Benedict Bingham, Country Director, PRC Resident Mission, ADB, maintained: “policy making in China has always been conscious of the need to avoid leaving the vulnerable behind. So, there has been a conscious effort to push reforms to expand opportunities, while also calibrating the speed of those reforms to avoid creating win-lose imbalances and complementing those reforms with reforms that brought expanded access to social services and education.”
Hoonae Kim, Director, Asia and the Pacific Division, Program Management Department, International Fund for Agricultural Development (IFAD), proposed investing in rural people through inclusive rural finance. In this regard, IFAD has been strengthening productive capacities for rural poor, paying special attention to women, promoting market participation by smallholder farmers, and building resilience to climate variability and other vulnerabilities for the last 40 years.
In addition, researchers and representatives from the field of business shared ideas for best-practice in poverty reduction. For example, professor Pun Ngai and associate professor Julia Wang from Hong Kong University analyzed issues among the new generation of working poor and proposed intervention models.

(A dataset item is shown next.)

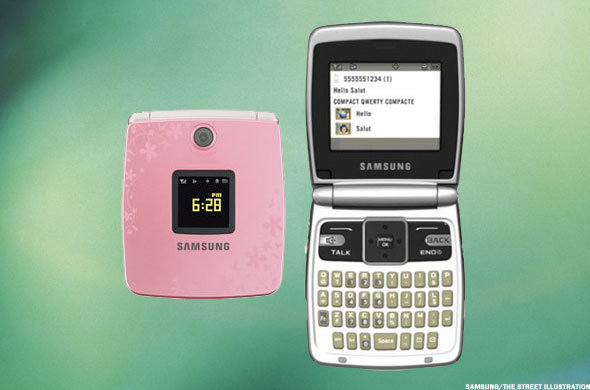 以前那些造型特殊的13支手機，還記得酷似鞋刷、粉餅盒、豬耳朵的手機嗎？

Zhang Jianping, General Manager of Jiujianpeng Group, illustrated how poverty could be reduced through the honeysuckle flower industry, while Chen Haida, Board Chairman of Ada Technology (Beijing) shared the application of logistics in poverty reduction.

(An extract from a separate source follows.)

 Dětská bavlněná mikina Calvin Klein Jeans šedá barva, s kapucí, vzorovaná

Since the battle against poverty was launched in 2015, China has come up with many innovative and effective practices in targeted poverty alleviation. To eradicate poverty, China focuses on communication and cooperation with other developing countries and international organizations, while receiving from them the latest theories and best practices. By actively implementing the UN 2030 Agenda, China has made an enormous contribution to global poverty reduction.